Eine verschlossene Tür im Stuttgarter Haus der Katholischen Kirche, hinter der Grüne und Christdemokraten über ein Bündnis verhandelten: So laufen die Sondierungsgespräche ab. Für die CDU steht viel auf dem Spiel.

Stuttgart - Am Ende entledigt sich Winfried Kretschmann seines Jacketts und zieht Thomas Strobl hinter eine Säule, wo der Ministerpräsident vertraulich auf den CDU-Landeschef einredet. Die Kameraleute lassen sich diese Szene natürlich nicht entgehen und halten aus nächster Entfernung drauf. Futter für das Fernsehen. Viel zu filmen hatte es zuvor ja nicht gegeben: eine verschlossene Tür im Stuttgarter Haus der Katholischen Kirche, hinter der Grüne und Christdemokraten über ein Bündnis verhandelten. Ein formelles Sondierungsgespräch nach der ersten Zusammenkunft nach der Landtagswahl, die noch nicht „Sondierungsgespräch“, sondern nur „Gespräch“ heißen durfte. Regierungsbildungen sind nicht frei von diplomatischer Raffinesse.

 

Verantwortung gerecht werden

Nun also die echte Sondierung: zweieinhalb Stunden reden Grüne und Schwarze am Gründonnertag miteinander, ehe sie vor die Kameras treten: Kretschmann, Strobl, CDU-Fraktionschef Guido Wolf und Grünen-Landeschefin Thekla Walker. Alle bewerten das Zusammensein als wahlweise unglaublich konstruktiv oder erfreulich sachlich. Kretschmann äußert seinen „Eindruck, dass beide Seiten ihrer staatspolitischen Verantwortung gerecht werden wollen“. Strobl, Walker und Wolf scheinen einen ähnlichen, wenn nicht denselben Eindruck gewonnen zu haben. „Jetzt ist die Stunde der Verantwortung gekommen“, sagt Wolf, der gestolperte Spitzenkandidat. Allerdings, so fügt er hinzu, solle man jetzt nicht so tun, „als gäbe es keine Unterschiede zwischen den Parteien“, denn dies „würde auch unseren Programmen, die wir im Wahlkampf und in den Jahren davor vertreten haben, nicht wirklich gerecht.“ Wolf warnt vor der „Glaubwürdigkeitsfalle“, in die man nicht laufen dürfe.

Wolf gibt den Mahner

Er gibt den Mahner. Bei den „Überschriften“ lasse sich schnell Einigkeit erzielen, doch der Teufel liege im Detail. Da mag Wolf recht haben. Hatte nicht CDU-Landeschef Strobl, der mit Macht in die grün-schwarze Koalition strebt, Gemeinsamkeiten mit den Grünen ausgerechnet in der Bildungspolitik entdeckt. Zustimmend nahm er in einem Interview den grün-roten Slogan auf, der Bildungserfolg müsse von der Herkunft abgekoppelt werden. Grünen-Landeschefin Walker wiederum nimmt bei dem Pressestatement nach der Sondierung auf diese Äußerung Strobls Bezug. So findet ein Herz zum anderen. Nur Wolf stört ein wenig, wenn er beharrt, dass es bei der Gemeinschaftsschule und anderen Themen doch noch Unterschiede gebe.

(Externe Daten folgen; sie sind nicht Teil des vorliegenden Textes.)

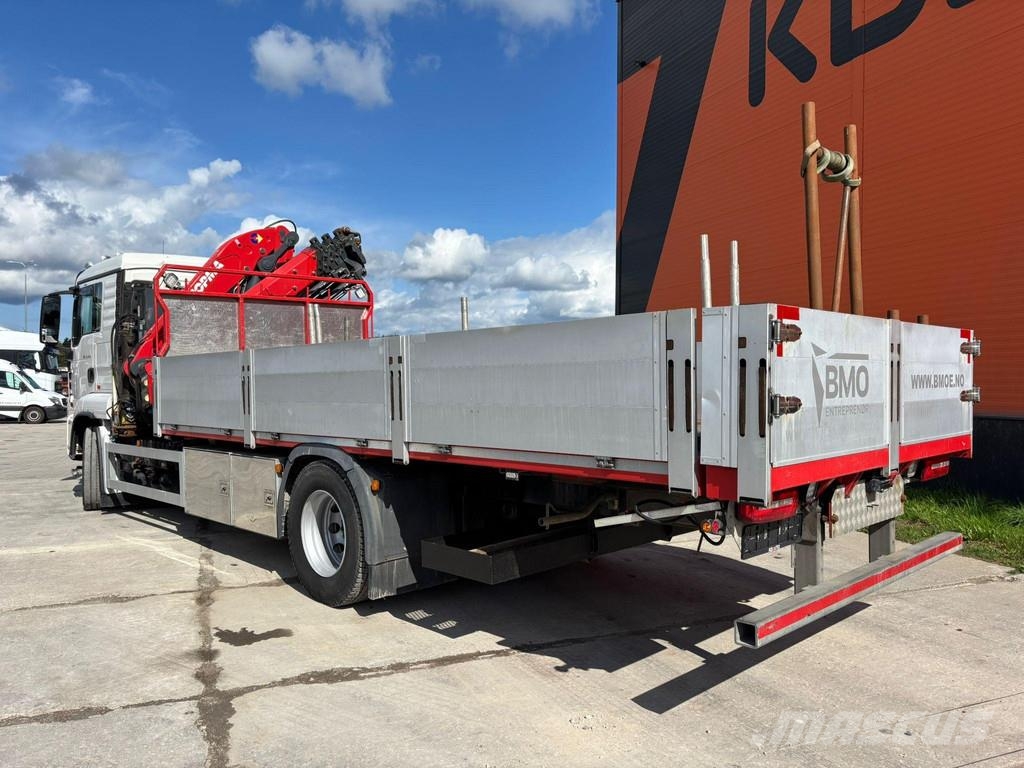 MAN TGS 18.420 4X4 COPMA 220.6 / PLATFORM L=6384 mm Camioane cu macara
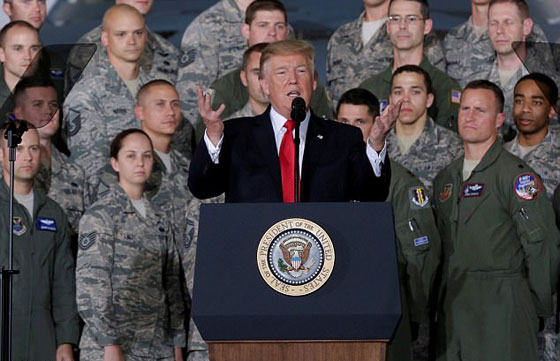 الرئيس الأمريكي دونالد ترامب  يهين زوجته ميلانيا على العلن.. فيديو صورة رقم 7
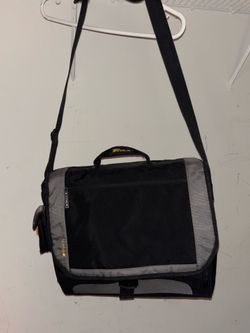 Laptop carrying travel bag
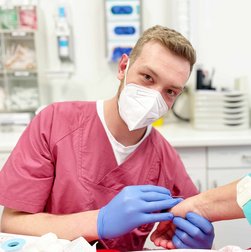 Bundeswehr unterstützt erneut im AMEOS Klinikum Schönebeck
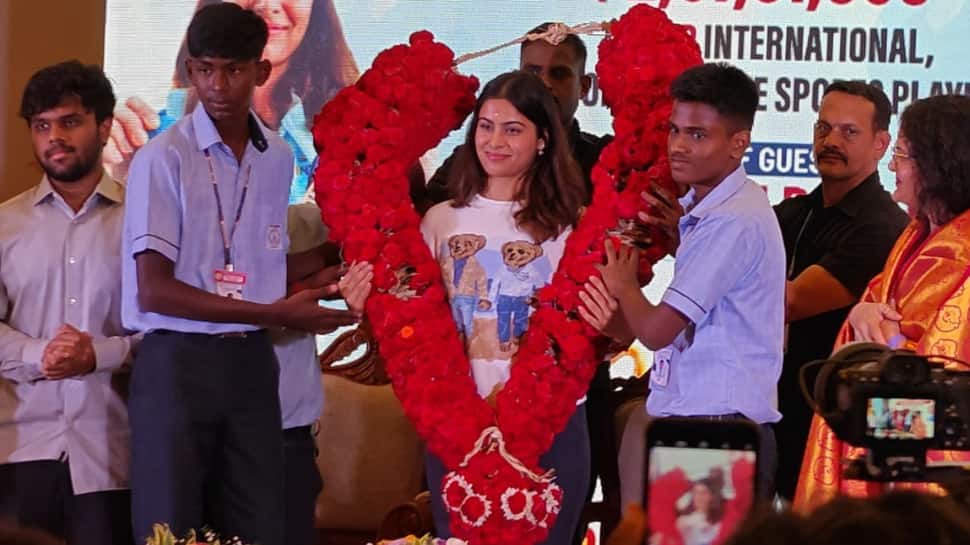 'ஸ்டாலின் யாருனு தெரியாது... விஜய்யை தெரியும்' சென்னையில் மனு பாக்கர் சொன்ன பதில்!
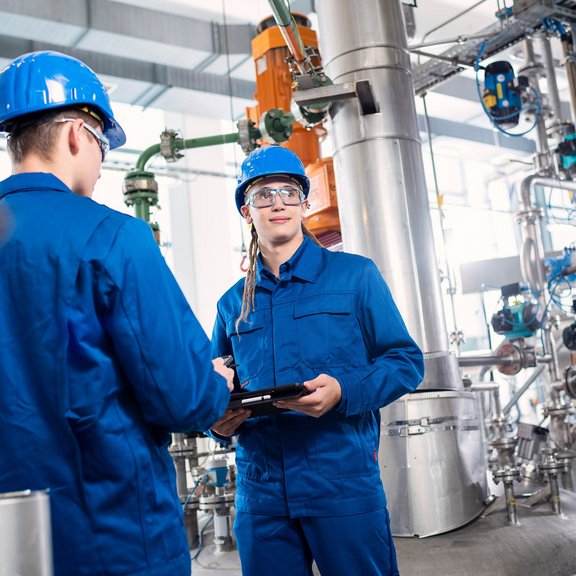 Chemikanten bei der Arbeit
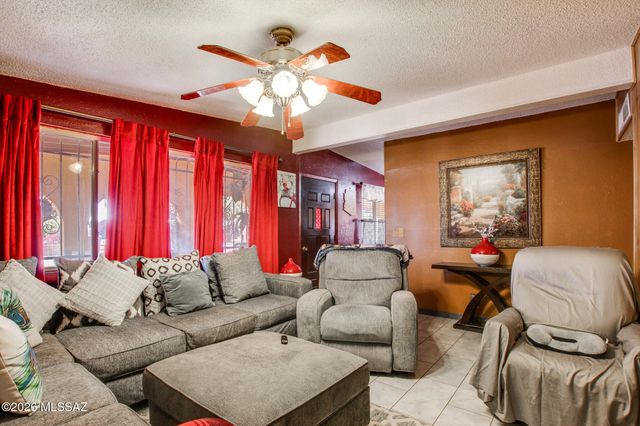 6927 S Lundy Drive, Tucson, AZ 85756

Die Glaubwürdigkeitsfalle lauert noch an anderer Stelle. Kretschmann wie auch Strobl heben darauf ab, dass man im Fall einer Koalition die Schuldenbremse einhalten wolle. Diese Ansage kommt insofern nicht völlig unerwartet, als das Grundgesetz das Land Baden-Württemberg verpflichtet, vom Jahr 2020 an die Schuldenbremse einzuhalten. Da dem Land in der mittelfristigen Finanzplanung zwei Milliarden Euro fehlen, wird einer künftigen Landesregierung also die Bereitschaft zur Haushaltskonsolidierung abverlangt.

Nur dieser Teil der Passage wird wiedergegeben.